Миссис Квилп всхлипнула, зная по опыту, что комплименты ее милейшего супруга не менее страшны, чем самые яростные угрозы.
— Она… она такое сокровище! — с дьявольской ухмылкой продолжал карлик. — Она бриллиант, рубин, жемчужина! Она золоченый ларчик, усыпанный драгоценными каменьями! Как я люблю ее!.. Я вам нравлюсь? Ах, если бы мне еще бакенбарды! Был бы я первым красавцем в мире? Впрочем, я хорош и без них! Покоритель женских сердец, да и только! Правда, миссис Квилп?
Миссис Квилп с должным смирением ответила: „Да, Квилп“. Словно околдованная, она не сводила испуганного взгляда с карлика, а он корчил ей такие гримасы, какие могут присниться лишь в страшном сне. Эта комедия, затянувшаяся довольно надолго, проходила в полном молчании, и его нарушали только сдавленные крики несчастной женщины, когда карлик неожиданным прыжком заставлял ее в ужасе откидываться на спинку стула».
Чудовище имеет виды на девочку — во всяком случае, так поймет любой современный читатель:
«Нелл посмотрела на старика, он отпустил ее кивком головы и поцеловал в щеку.

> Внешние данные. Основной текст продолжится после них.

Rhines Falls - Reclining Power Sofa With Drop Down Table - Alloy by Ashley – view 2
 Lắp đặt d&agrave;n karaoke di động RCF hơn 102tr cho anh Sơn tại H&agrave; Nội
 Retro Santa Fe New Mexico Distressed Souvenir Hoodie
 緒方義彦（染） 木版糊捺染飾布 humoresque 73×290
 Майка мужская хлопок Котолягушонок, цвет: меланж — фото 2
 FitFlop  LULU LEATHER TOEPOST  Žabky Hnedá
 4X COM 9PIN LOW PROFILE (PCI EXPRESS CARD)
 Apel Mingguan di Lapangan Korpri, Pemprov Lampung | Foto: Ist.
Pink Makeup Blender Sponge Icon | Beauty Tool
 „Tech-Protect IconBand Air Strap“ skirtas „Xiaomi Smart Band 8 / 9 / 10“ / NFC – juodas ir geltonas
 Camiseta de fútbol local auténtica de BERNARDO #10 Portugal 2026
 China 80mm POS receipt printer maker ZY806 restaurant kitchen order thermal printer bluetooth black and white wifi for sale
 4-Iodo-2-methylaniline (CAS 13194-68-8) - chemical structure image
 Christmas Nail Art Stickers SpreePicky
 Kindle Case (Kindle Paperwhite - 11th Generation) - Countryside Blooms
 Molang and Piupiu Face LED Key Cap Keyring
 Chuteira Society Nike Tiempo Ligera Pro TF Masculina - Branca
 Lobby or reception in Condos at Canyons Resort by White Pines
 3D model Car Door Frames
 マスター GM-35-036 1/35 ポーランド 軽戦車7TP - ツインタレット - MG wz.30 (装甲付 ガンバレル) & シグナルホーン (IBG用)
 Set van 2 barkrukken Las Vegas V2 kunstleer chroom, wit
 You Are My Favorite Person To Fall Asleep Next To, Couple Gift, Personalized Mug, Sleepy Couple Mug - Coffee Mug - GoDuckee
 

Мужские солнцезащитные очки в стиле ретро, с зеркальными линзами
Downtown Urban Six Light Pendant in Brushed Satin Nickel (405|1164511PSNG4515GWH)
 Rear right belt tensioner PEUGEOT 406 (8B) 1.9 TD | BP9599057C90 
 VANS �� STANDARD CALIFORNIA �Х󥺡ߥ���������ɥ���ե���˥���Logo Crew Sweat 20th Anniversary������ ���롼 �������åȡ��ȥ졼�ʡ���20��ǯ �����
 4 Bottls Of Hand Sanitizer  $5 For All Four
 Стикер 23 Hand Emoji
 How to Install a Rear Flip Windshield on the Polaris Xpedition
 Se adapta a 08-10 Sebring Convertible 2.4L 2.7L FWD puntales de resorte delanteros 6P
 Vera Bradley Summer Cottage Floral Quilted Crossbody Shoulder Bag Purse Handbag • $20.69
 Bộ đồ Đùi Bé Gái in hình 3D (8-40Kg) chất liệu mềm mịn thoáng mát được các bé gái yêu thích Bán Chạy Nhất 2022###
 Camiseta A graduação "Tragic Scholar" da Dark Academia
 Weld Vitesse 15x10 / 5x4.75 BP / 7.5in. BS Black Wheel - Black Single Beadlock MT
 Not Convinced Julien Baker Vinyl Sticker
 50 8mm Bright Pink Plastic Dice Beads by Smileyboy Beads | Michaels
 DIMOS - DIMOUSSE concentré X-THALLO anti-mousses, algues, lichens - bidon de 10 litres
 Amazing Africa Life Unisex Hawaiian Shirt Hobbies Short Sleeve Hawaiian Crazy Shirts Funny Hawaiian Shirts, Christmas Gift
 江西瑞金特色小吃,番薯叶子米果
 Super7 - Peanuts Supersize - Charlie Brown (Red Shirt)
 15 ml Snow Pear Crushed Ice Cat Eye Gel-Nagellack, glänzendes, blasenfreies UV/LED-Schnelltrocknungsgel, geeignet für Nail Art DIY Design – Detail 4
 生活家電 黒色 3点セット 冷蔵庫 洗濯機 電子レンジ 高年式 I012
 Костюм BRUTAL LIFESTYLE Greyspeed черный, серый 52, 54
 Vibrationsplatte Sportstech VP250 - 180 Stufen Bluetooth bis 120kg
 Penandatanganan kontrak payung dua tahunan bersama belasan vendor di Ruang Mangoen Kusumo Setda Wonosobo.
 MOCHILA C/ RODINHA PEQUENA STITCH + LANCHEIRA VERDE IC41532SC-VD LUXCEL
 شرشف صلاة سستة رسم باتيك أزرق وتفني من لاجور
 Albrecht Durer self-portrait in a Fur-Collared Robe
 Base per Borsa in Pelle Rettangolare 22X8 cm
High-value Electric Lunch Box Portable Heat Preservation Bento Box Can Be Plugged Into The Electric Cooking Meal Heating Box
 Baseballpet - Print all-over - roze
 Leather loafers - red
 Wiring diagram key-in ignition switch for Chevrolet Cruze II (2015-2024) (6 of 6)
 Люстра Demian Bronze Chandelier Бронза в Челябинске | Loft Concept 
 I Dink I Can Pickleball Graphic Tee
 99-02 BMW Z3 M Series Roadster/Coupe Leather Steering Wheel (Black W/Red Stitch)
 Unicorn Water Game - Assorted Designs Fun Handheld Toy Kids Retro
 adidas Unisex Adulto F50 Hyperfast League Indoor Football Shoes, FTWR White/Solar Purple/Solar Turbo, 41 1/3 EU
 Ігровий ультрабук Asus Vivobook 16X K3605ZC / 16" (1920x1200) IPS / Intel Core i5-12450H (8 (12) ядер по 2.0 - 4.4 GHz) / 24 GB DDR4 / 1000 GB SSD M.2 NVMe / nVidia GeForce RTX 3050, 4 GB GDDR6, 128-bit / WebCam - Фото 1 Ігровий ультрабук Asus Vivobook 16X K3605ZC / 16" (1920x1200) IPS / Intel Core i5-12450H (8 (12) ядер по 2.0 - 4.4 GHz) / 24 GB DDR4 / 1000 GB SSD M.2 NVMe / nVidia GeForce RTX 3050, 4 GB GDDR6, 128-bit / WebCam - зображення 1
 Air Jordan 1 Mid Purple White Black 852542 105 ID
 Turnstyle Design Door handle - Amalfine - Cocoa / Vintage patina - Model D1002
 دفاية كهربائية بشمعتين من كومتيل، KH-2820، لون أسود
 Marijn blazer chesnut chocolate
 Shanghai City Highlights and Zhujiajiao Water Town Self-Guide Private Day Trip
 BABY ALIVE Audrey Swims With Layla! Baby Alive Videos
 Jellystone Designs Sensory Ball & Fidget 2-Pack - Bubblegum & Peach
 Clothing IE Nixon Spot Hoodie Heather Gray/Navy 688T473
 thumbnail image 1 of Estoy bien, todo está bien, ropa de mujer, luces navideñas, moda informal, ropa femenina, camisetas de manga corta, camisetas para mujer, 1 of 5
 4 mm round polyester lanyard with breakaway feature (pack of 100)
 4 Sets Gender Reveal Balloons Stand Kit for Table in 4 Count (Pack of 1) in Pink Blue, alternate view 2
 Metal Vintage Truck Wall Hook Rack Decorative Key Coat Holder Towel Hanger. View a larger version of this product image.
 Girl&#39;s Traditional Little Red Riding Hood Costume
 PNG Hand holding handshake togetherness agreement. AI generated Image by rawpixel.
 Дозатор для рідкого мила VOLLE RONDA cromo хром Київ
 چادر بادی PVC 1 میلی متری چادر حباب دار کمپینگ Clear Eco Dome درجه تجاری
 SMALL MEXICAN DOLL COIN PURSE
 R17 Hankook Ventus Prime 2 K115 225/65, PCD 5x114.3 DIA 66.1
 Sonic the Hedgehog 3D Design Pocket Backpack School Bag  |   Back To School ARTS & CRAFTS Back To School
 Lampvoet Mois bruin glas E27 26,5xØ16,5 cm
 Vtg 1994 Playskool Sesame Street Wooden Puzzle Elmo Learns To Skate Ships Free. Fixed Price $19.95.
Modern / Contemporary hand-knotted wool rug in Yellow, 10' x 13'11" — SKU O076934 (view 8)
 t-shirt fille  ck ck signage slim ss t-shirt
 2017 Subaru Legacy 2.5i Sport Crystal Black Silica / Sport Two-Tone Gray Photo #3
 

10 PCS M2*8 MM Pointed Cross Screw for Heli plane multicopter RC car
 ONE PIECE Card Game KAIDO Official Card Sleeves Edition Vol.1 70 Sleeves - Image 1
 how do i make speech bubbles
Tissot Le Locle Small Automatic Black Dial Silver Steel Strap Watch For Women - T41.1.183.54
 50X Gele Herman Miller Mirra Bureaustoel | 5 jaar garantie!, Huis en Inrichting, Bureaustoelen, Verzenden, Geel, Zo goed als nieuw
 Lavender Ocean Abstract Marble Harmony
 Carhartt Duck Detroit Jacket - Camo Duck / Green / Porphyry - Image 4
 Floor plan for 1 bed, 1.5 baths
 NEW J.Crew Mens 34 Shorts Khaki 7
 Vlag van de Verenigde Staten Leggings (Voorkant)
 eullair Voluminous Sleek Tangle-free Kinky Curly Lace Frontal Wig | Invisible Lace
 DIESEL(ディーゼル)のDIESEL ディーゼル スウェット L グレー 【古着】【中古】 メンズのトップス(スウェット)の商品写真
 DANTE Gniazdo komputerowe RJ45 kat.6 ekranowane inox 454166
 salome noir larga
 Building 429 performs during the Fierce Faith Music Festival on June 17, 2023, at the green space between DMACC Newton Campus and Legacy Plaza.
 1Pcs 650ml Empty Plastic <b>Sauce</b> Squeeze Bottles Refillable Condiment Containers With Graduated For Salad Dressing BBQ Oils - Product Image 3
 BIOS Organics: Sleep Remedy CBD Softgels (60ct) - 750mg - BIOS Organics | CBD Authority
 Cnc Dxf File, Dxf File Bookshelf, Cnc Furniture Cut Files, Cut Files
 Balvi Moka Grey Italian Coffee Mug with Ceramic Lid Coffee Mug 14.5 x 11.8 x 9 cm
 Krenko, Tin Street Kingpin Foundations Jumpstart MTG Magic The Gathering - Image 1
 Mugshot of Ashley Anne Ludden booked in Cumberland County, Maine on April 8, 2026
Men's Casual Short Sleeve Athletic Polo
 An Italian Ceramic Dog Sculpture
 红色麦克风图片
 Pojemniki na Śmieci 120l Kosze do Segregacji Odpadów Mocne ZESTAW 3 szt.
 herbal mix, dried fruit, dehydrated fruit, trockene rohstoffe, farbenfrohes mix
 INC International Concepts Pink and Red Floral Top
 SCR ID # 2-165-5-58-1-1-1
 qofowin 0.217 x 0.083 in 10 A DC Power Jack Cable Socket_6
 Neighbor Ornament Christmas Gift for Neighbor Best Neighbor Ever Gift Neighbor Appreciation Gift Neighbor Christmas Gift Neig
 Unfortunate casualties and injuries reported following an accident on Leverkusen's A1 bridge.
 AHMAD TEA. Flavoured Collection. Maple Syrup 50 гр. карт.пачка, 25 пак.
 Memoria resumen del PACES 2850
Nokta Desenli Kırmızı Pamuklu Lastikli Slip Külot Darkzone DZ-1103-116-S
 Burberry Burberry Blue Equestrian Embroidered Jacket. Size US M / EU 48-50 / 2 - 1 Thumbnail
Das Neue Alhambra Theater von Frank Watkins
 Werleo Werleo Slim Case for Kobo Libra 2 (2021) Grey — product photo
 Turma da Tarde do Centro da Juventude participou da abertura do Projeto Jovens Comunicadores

— Ах! — сказал карлик, причмокнув губами. — Какой сладкий поцелуй! И в самый румянец! Ах, какой поцелуй!.. Какой она у вас бутончик! И какая свеженькая! А уж скромница-то! — говорил он, играя глазами и покачивая своей короткой ногой. — Ну что за бутончик, симпомпончик, голубые глазки!.. Она у вас такая маленькая, — не спеша говорил он, притворяясь, будто ни о чем другом и думать не может. — Такая стройненькая, личико беленькое, а голубые жилки так и просвечивают сквозь кожу, ножки крохотные…»
Но маловероятно, что Диккенс вкладывал в эту сцену такой смысл: он же всегда говорил, что ничего непристойного в его книгах быть не может — его чудище просто так играет.
Квилп ссужал старика деньгами, не понимая, что тот их проигрывает, когда понял — обозлился, старик с внучкой убежали от него, попали в бродячий цирк, где обитают столь же причудливые и совсем не добрые уродцы, но Квилп за ними не погнался: Диккенс не любил прямых дорог, ему словно физически необходимо было замедлить действие и отвлечь читателя от главной интриги (или же он совершенно сознательно растягивал тексты, как Дюма) — он начал изводить влюбленного в Нелли юношу Кита, разумеется беспричинно, просто потому что злодей: «Берегись и ты, славный Кит, честный Кит, добропорядочный, ни в чем не повинный Кит!»
Кит и его мать — бедняки, хорошие, добрые; Диккенс наплевал на обвинения в «игре на чувствах» и не побоялся подняться (с литературной точки зрения — опуститься) до прямой публицистики:
«О! Когда бы люди, управляющие судьбами народов, помнили это! Когда бы они призадумались над тем, как трудно бедняку, живущему в той грязи и тесноте, в которой, казалось бы, теряется (а вернее, никогда и не возникает) благопристойность человеческих отношений, как трудно ему сохранить любовь к родному очагу — эту первооснову всех добродетелей! Когда бы они отвернулись от широких проспектов и пышных дворцов и попытались хоть сколько-нибудь улучшить убогие лачуги в тех закоулках, где бродит одна Нищета, тогда многие низенькие кровли оказались бы ближе к небесам, чем величественные храмы, что горделиво вздымаются из тьмы порока, преступлений и страшных недугов, словно бросая вызов этой нищете. Вот истина, которую изо дня в день, из года в год твердят нам глухими голосами — Работный дом, Больница, Тюрьма. Это все очень серьезно — это не вопли рабочих толп, не парламентский запрос о здоровье и благоустроенности народа, и от этого не отделаешься ни к чему не обязывающей болтовней».